Razer’s roots are in PC gaming, but the Razer Book is the three-headed snake’s attempt at a more mainstream, portable PC. The clamshell’s silver aluminum unibody chassis starts at just 2.9 pounds and 0.6 inches of thickness, making it competitive with ultraportables like Dell’s XPS 13.
Today’s announcement lowers the Razer Book’s starting price to $1,000. That gets you a quad-core i5-1135G7 CPU, 8GB of RAM, 256GB of SSD storage, and a 1920×1200 resolution screen with a 60 Hz refresh rate. Razer also announced more powerful versions with a quad-core i7-1165G7, 16GB of RAM, 512GB for $1,500 or 1TB of storage, and a 3840×2100 screen for $1,800.
New Razer Blade 15 Advanced Model
Packed with an RTX 30-series mobile graphics card, the Blade 15 Advanced Model is obviously the gaming machine of the two, but compared to the majority of gaming laptops, its design is pretty trim and subdued. The laptop weighs just 4.4 pounds and is 0.67-inches thick.
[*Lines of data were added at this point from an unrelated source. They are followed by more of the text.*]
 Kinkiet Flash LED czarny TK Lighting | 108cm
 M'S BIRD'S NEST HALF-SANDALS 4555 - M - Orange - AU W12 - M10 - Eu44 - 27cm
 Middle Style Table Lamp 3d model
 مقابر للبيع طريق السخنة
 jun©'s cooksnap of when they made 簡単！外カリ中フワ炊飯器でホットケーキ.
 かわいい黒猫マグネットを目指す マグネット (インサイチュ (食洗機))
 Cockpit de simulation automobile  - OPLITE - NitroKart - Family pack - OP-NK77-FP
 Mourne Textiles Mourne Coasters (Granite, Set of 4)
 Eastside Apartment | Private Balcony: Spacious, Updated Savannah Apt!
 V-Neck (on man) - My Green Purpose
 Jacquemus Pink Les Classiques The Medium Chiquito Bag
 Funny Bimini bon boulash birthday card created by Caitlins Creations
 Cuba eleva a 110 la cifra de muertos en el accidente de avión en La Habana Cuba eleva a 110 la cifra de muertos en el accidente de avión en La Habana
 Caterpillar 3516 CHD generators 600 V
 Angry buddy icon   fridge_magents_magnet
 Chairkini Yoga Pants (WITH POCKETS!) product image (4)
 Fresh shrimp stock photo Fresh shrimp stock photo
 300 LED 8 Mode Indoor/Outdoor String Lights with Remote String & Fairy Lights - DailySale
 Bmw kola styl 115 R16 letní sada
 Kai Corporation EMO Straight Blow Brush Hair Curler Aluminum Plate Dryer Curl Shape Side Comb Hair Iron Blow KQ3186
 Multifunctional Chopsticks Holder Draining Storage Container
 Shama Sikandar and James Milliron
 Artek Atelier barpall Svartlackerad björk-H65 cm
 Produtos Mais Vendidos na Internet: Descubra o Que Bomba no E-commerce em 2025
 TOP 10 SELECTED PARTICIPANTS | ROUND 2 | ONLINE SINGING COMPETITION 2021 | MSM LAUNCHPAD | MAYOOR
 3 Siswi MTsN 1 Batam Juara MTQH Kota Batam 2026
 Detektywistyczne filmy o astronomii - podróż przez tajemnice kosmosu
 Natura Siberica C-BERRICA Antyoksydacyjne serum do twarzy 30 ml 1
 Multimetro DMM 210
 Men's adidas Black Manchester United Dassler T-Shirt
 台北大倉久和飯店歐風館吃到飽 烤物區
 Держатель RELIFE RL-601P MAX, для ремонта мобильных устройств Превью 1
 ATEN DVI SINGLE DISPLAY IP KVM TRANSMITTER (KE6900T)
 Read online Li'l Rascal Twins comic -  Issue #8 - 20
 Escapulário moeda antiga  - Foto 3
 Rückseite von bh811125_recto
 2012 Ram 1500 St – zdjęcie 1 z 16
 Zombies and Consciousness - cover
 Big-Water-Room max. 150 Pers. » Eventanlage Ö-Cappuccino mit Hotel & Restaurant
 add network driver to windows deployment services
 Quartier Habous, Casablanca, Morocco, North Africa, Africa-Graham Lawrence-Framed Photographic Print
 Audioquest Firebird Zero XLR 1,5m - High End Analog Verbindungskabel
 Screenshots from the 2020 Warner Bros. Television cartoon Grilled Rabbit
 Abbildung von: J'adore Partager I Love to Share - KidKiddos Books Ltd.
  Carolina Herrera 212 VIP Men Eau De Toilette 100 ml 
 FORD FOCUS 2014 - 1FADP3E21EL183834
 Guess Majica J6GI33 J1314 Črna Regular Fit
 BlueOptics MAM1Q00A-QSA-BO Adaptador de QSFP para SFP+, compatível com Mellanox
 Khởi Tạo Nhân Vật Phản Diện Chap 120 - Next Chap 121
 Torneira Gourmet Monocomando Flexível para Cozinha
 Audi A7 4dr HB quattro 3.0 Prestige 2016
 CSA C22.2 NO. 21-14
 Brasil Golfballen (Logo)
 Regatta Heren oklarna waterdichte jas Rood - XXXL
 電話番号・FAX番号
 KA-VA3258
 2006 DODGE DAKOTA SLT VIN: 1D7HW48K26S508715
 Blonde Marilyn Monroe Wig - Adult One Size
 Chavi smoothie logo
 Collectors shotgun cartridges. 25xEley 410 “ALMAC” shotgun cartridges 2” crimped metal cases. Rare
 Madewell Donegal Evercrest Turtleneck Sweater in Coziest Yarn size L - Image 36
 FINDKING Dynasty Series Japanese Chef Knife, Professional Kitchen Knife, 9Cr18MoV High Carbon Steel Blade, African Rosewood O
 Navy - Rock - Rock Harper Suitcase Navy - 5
There were already many configuration options available for this notebook, but the two that Razer added today use an octa-core i7-11800H. The cheaper one, which sells for $2,700, has an RTX 3070 GPU, 16GB of RAM, a 1TB SSD, and a speedy 240 Hz screen with a 2560×1440 resolution. The Advanced Model goes for $3,100 and has twice the RAM and a more powerful RTX 3080 GPU.
Windows 11 support confirmed
Razer noted today that owners of older Razer laptops will be able to upgrade to Windows 11 “soon,” and relevant Razer drivers will integrate automatically. You can find Razer’s full list of supported PCs here.
Razer also said that its software (like Synapse) and peripherals are all “fully compatible with Windows 11.”